WHAT IS EXPECTED -
Repeat the listing exactly. Pictures stay out of your copy.

SUPPLIED MATERIAL -
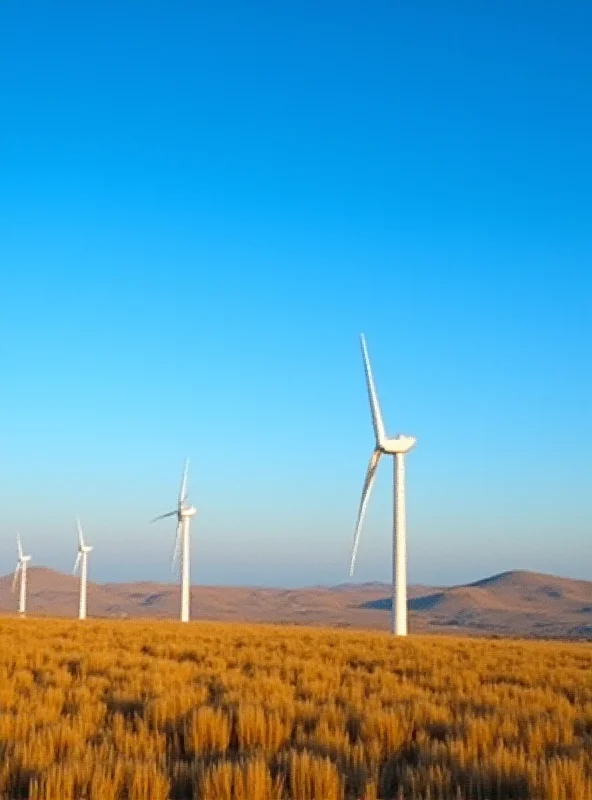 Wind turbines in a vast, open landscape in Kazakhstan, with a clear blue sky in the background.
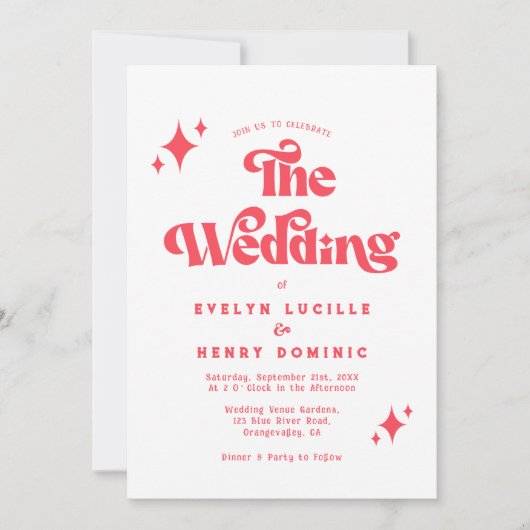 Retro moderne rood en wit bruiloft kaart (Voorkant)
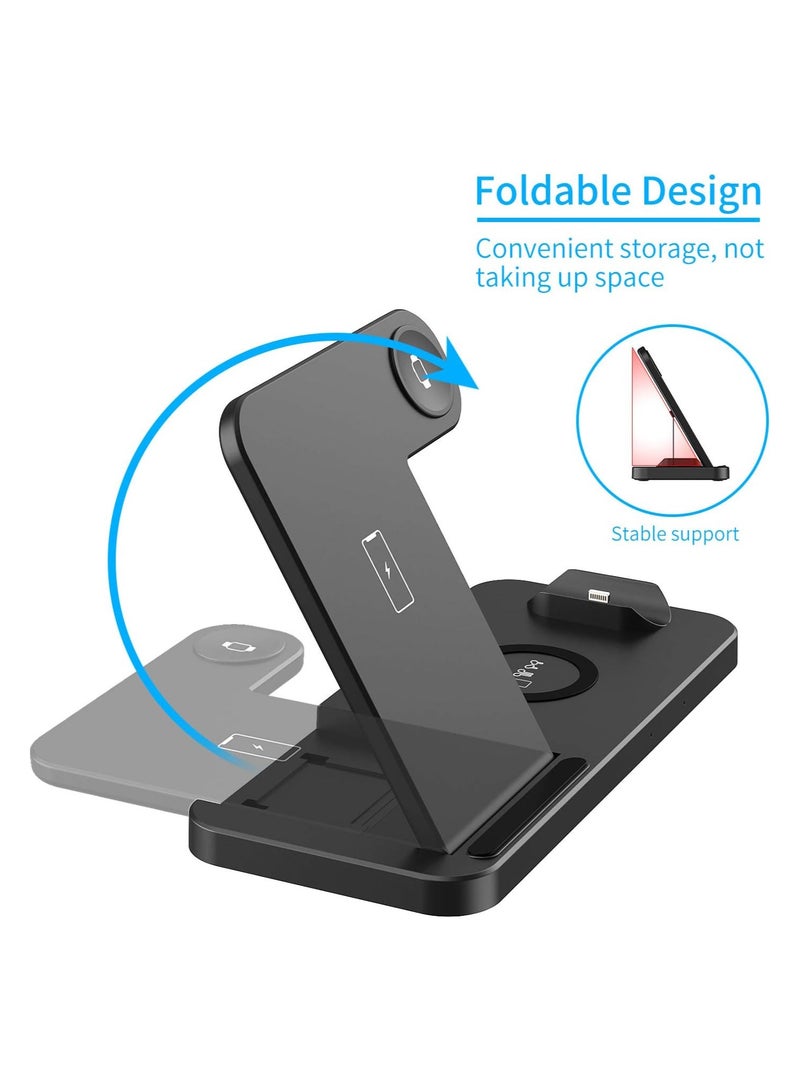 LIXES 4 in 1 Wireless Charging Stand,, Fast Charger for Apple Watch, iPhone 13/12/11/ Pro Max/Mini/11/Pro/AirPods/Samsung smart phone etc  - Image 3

SOLUTION TO THE EXERCISE -
 Wind turbines in a vast, open landscape in Kazakhstan, with a clear blue sky in the background.
 Retro moderne rood en wit bruiloft kaart (Voorkant)
 LIXES 4 in 1 Wireless Charging Stand,, Fast Charger for Apple Watch, iPhone 13/12/11/ Pro Max/Mini/11/Pro/AirPods/Samsung smart phone etc  - Image 3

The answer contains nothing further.